Task to carry out
When you reproduce the listing, keep every word as it is and drop the pictures.

Start of Data section

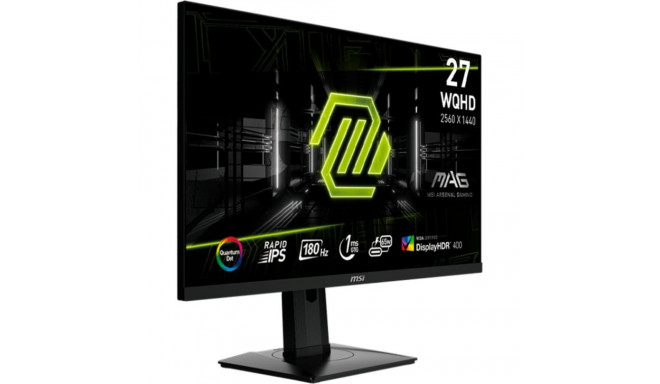 MSI MAG 274QRFDE QD E2, gaming monitor - 27 - black, WQHD, Rapid IPS, HDR, Adaptive-Sync, 180Hz pane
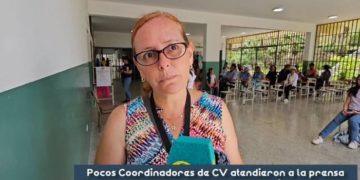 Pocos coordinadores de Centros de Votación demostraron no gustarle la visita de la prensa durante la jornada electoral en Mérida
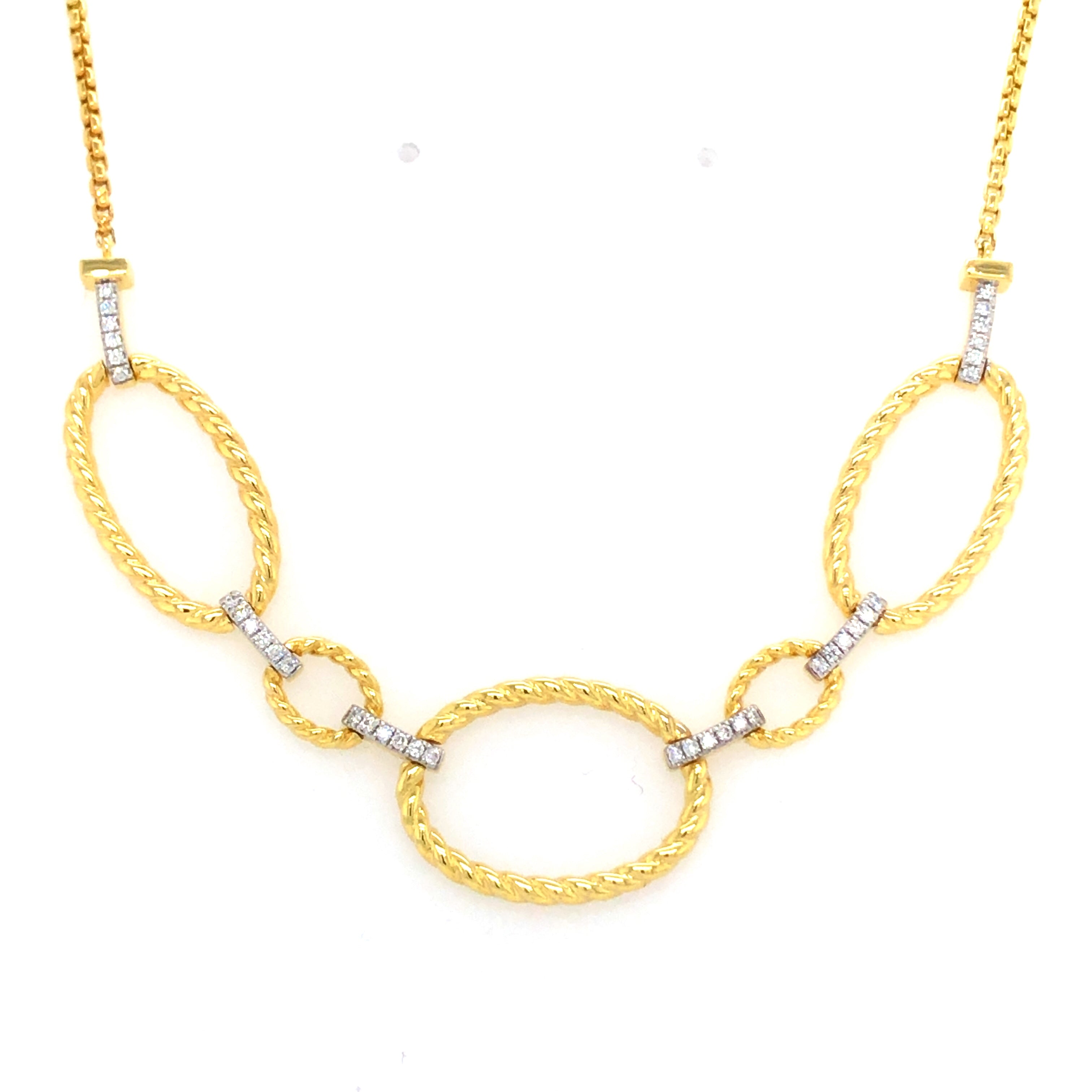 Link Diamond Necklace - Diamond Necklaces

End of Data section

Exercise output
 MSI MAG 274QRFDE QD E2, gaming monitor - 27 - black, WQHD, Rapid IPS, HDR, Adaptive-Sync, 180Hz pane
 Pocos coordinadores de Centros de Votación demostraron no gustarle la visita de la prensa durante la jornada electoral en Mérida
 Link Diamond Necklace - Diamond Necklaces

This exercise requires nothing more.